# Spotwelding aluminum



## ome (Dec 10, 2013)

Hi Guys,
i was experimenting with my 220 joyal benchtop spotwelder with some 1/16 aluminum. 
I got the best welds when i took 2 pieces of 1/16 " steel and put one one each side of the aluminum under the electrode. 
Works like a charm, only spotwelds the aluminum together and not the steel to aluminum. 
Jon


----------



## xalky (Dec 10, 2013)

Interesting...What happened when you tried spotting the aluminum direct? I've never tried spot welding aluminum, so I'm curious. When cleaning the aluminum to spot weld, use only a stainless steel wire brush and mark it for "for aluminum only", so as not to contaminate the weld area with other crap. Then wipe the weld area with acetone for a real good clean, this will remove the oxidation and oils that might be on the weld area. Aluminum oxidizes fairly quickly, so clean as much as you can spot weld at one sitting. Anything left overnight should be cleaned again. The methods given are for tig welding aluminum, but should also work well for spot welding.


----------



## ome (Dec 10, 2013)

Nothing happened at all.  It was wierd, and unexpected, but until I put those 2 pieces of steel, worked like a charm.

Jon


----------



## Rbeckett (Dec 10, 2013)

Are the welds truly fused?  I would love to see a sample of the result because I tend to think that the metal is probably not completely fused and would yield a weak weld that will fail if placed in sheer.  Ive actually never even heard of spot welding alli like your doing either.  Most of the time Alli is tigged with AC and high frequency. Could you possibly cut through the middle of a weld and get a good close up?  Very interesting concept though.

Bob


----------



## ome (Dec 10, 2013)

I will try to cut it, but have limited cutting tools , but i tried to bend it and pull it apart with no success, seems strong. 
Jon


----------



## legacyiron101 (Jan 26, 2014)

may want to use a couple scraps of stainless instead of reg steel for the same reasons that you use a stainless brush when doing tig....the spotwelds themselves will be plenty strong but theres no reason to risk iron or iron oxide inclusions and be sure and use more spot welds then you would for an identical steel peice..aluminum is far more prone to cracking around the HAZ then steel especially if its 6061 which seems to be the most common aluminum sheet found in most shops.One of the reasons that a lot of body shops and custom sheet metal places that do a lot of work with aluminum have started to go back to the old school way of welding it with flux and an oxy/acetylene rig...it takes more skill and more time but it leaves the joint and the surrounding metal less prone to cracking then a tig torch especialy if the area is to be further worked.


----------



## TOOLMASTER (Jan 26, 2014)

the aluminum absorbs all the heat from the steel


----------



## David Kirtley (Jan 26, 2014)

There is a demo of this on youtube. 

[video=youtube_share;gcgC3V3mkcw]http://youtu.be/gcgC3V3mkcw[/video]


----------



## TOOLMASTER (Jan 26, 2014)

you can see the thin steel band run through the machine every weld here.
https://www.youtube.com/watch?v=-amPG_FxUXo


----------



## SE18 (Jan 29, 2014)

A couple weeks ago, a neighbor down the street built a spot welder very similar to the one I built (from a microwave transformer). It runs on 125v normal US current, not 220V like they say you need in the video. He did some experiments with sandwiching aluminum between ferrous and said he could spot weld. If I have time this weekend I might try it, but my spot welder needs some tuning up first.


----------



## george wilson (Jan 29, 2014)

Aluminum  oxidizes instantly. But,the oxide is transparent,and protects the metal under it, so it SEEMS to resist oxidation.


----------



## SE18 (Feb 6, 2014)

my experiment with alum didn't work. I think what George says that alum oxidizes instantly is the reason.

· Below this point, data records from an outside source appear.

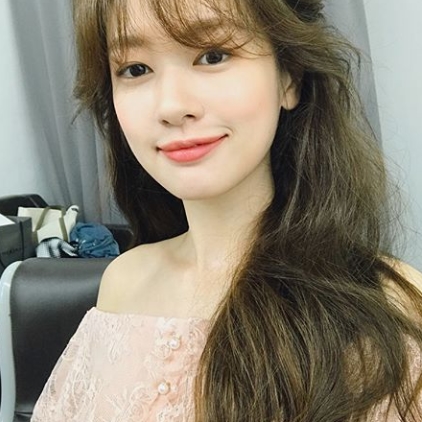 Actor Jung So-min showed off her blush look.Jung So-min posted a picture on his instagram on June 22 with an article entitled Im hot today.The photo shows Jung So-min in a light pink off-shoulder costume, and the slender shoulder line revealed above the off-shoulder costume makes the pure charm stand out.Jung So-mins distinctive features also attract Eye-catching.The fans who responded to the photos responded such as Pretty, My sister is beautiful look and I shoot a lot of water while drinking water.delay stock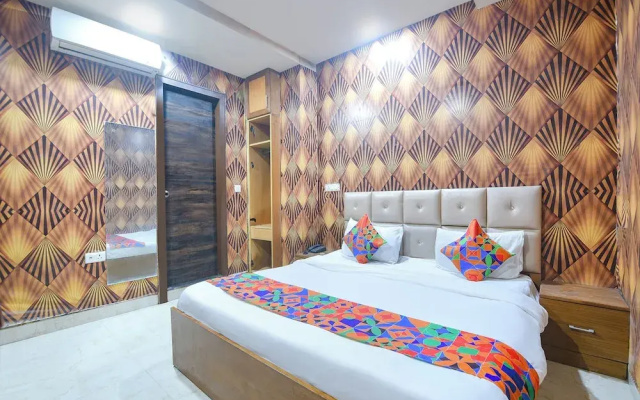 Fabhotel Royal Residency Sector 11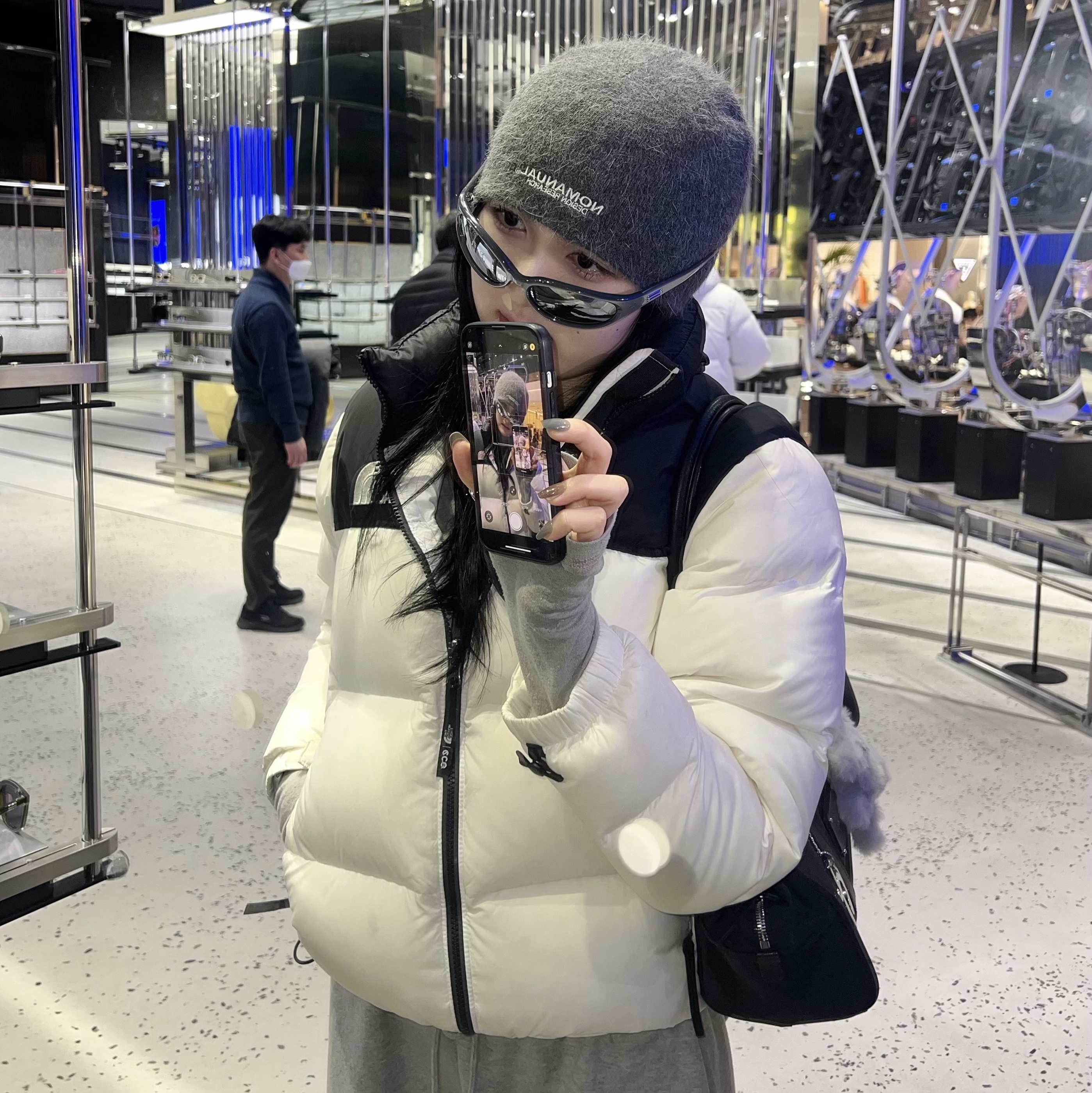 The North Face 1996 Eco Nuptse Jacket White, Matin Kim Sporty Tote Bag Black 착용 스타일 - 1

BTW, I got my spot welder to work a lot better by putting a new copper connector on it. Also, I think it's important to clean off any coatings. I tried spot welding coat hangers and nails and found that some of them need to be sanded because they have nasty gooey coatings


----------



## SE18 (Feb 11, 2014)

I'm back! I added a handle from a second microwave I got and dismantled for another project
	

		
			
		

		
	






I wondered if it would do resistance soldering of brass and copper so I took a 4ga copper wire and a brass housekey and in just 1 or 2 seconds it created enough heat to solder the 2 parts fast


I got a switch on back of the unit and added a foot pedal today. The pedal, from Horrible freight, is the worst kind to get IMO. I thought it stops power when foot removed (fail-safe), but it doesn't. You have to tap it again. Another HF model is the fail safe kind. I got it on impulse buy without realizing and it would take several hours driving to return it so it stays




(warning about microwaves: short the capacitor as it could carry a lethal charge. Also ensure it's not plugged in. Also, the magnetron has 2 nice magnets in it but breaking the fluids surrounding them could kill. Also, in making the wood parts, if you slip and fall into the table saw, that could be lethal, as could slipping on the ice outside)


----------



## Marco Bernardini (May 4, 2014)

SE18 said:


> A couple weeks ago, a neighbor down the street built a spot welder very similar to the one I built (from a microwave transformer). It runs on 125v normal US current, not 220V like they say you need in the video.



In Europe household power is 220V/50Hz (actually 230V) single phase instead of 110v/60Hz.
In the video Lazze told about the trick coming from an old Italian guy, so probably he intended 220V as "normal household power".
BTW, our three phase is 400V, even if almost everybody still call it "380V" according to the old value.


----------